R - En ce moment, des femmes occupent certains postes de responsabilité à titre de commandantes et de commissaires de bataillons de l'APL: on en retrouve donc, désormais, à la direction de l'armée. La difficulté tient au fait qu'à partir du déclenchement de la guerre populaire en 1996 et jusqu'en 2001, le nombre de femmes dans les rangs de l'APL était encore limité. Dès lors, les camarades masculins ayant accumulé une plus grande expérience, ils ont évidemment développé de plus grandes aptitudes. Mais les femmes qui ont joint massivement les rangs de l'APL depuis lors les rattrapent très rapidement. Les réactionnaires nous considèrent comme des citoyennes de deuxième classe; ils disent que nous sommes timides et craintives. Mais nous avançons rapidement en menant la guerre contre eux et en apprenant des souffrances du peuple. De cela, nous en sommes très fières.
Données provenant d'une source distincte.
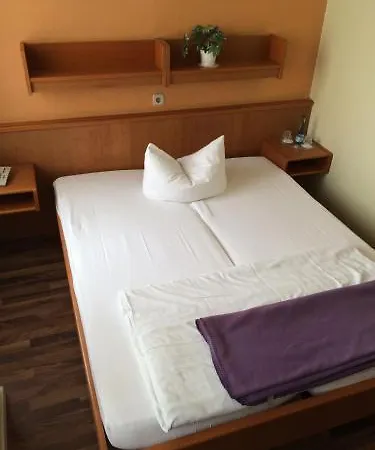 Hotel Columbia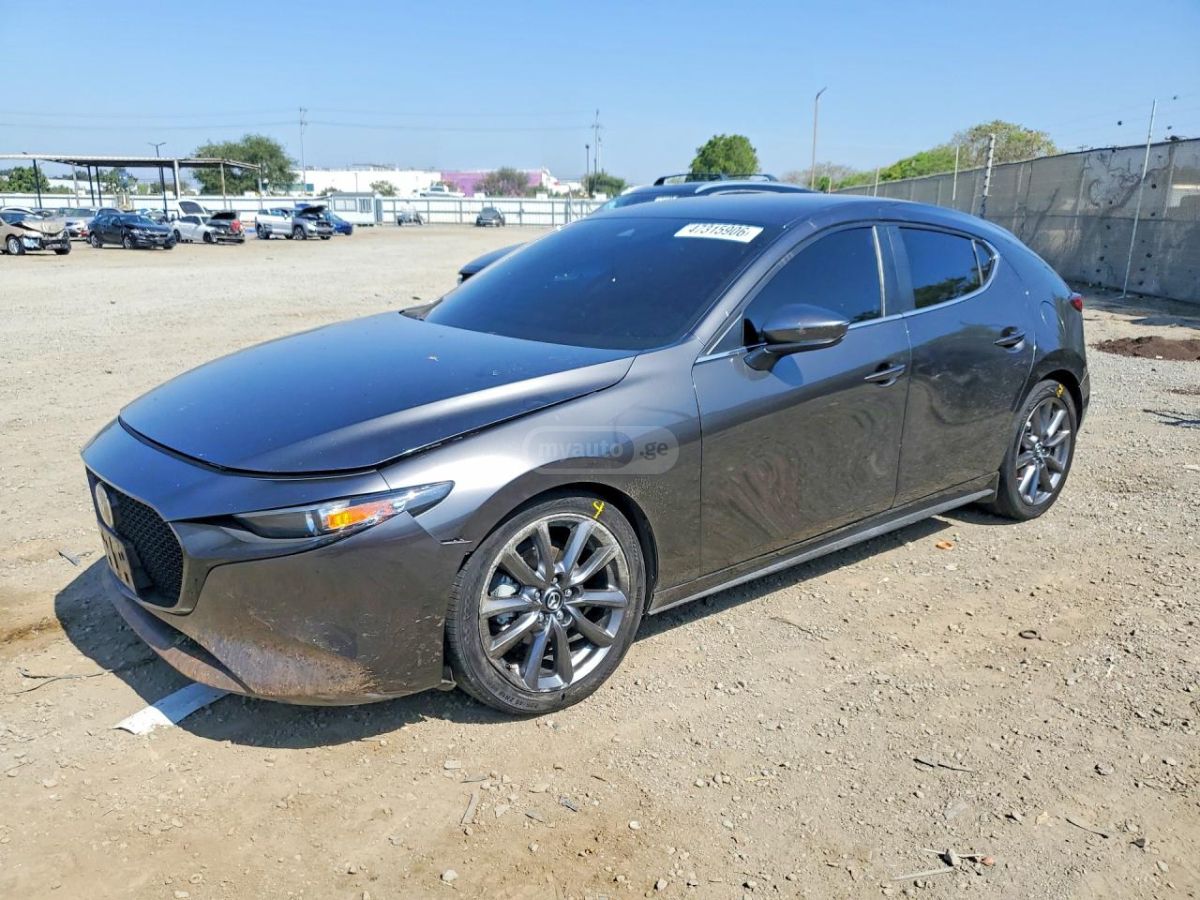 Mazda Mazda 3 - фото 1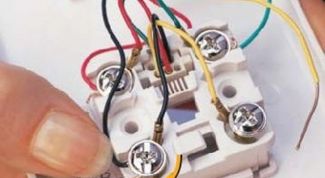 Картинка по теме - как подсоединить провод к телефонной розетке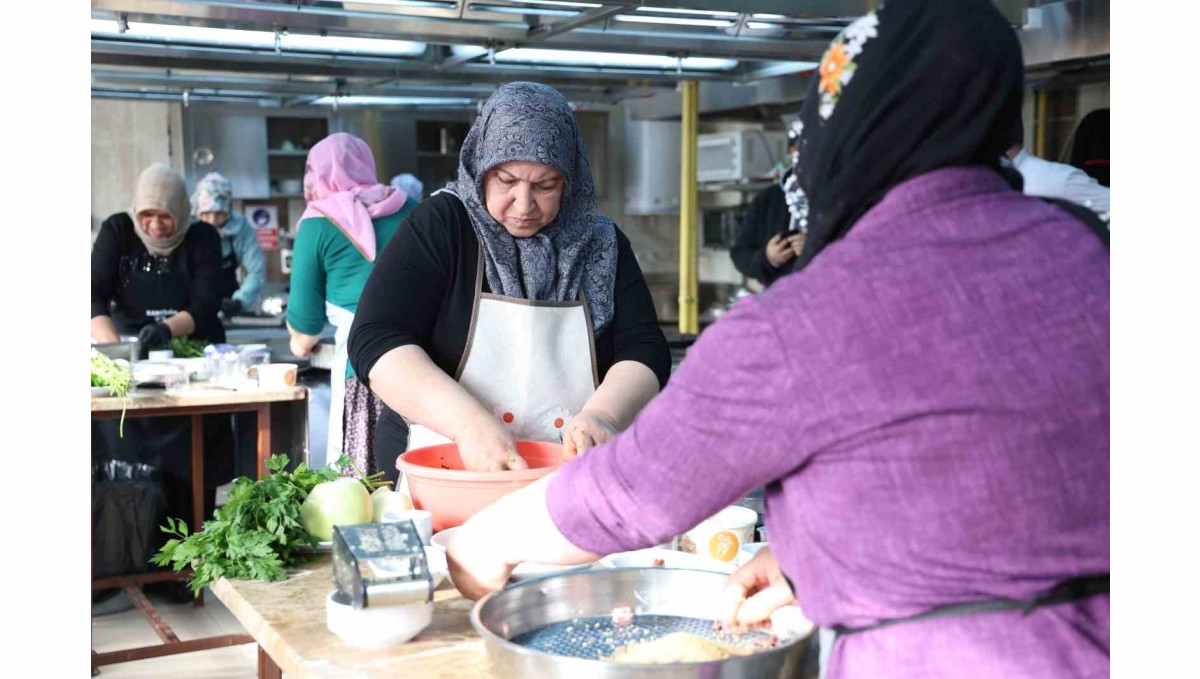 Elazığ mutfağı ulusal arenaya taşınıyor: 40 kadın geleneksel tariflerle yarıştı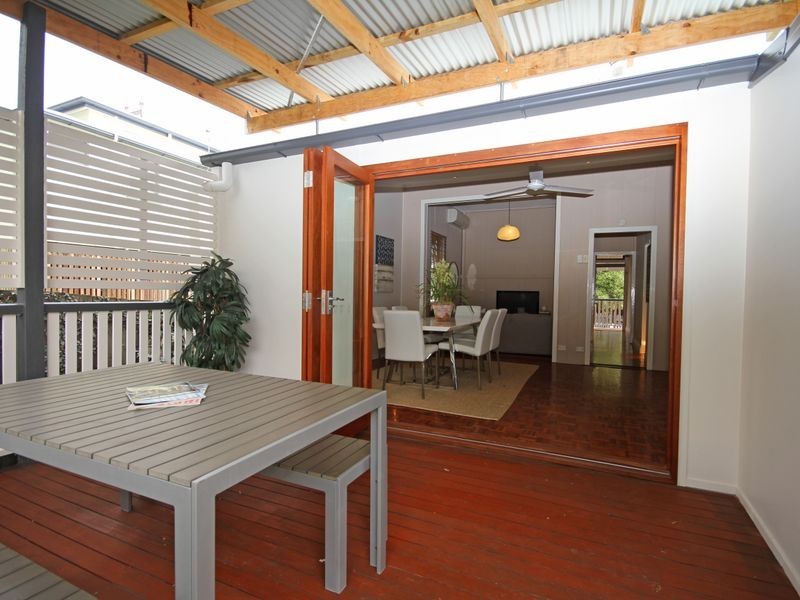 15 Stafford Street, East Brisbane QLD 4169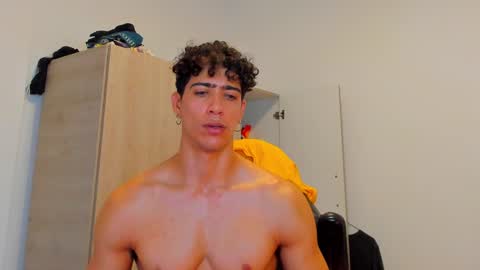     online show from February 2025 08:44:01 PM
Q - À quoi ressemble la journée type d'un combattant ou d'une combattante de l'APL?
R - Nous faisons des exercices physiques à tous les matins. Et nous nous entraînons régulièrement. Nous étudions également des guides et des écrits militaires, ainsi que des journaux et des livres politiques. Ceux et celles qui ne savent ni lire ni écrire suivent des cours d'alphabétisation. Plusieurs camarades ont d'ailleurs appris à lire et à écrire après avoir joint l'APL. Les tâches quotidiennes incluent aussi la préparation des repas, la faction, etc. Nous participons également aux tâches liées à l'effort de guerre, telles le développement économique, le service à la population, les mobilisations de masse et la participation aux grandes campagnes politiques.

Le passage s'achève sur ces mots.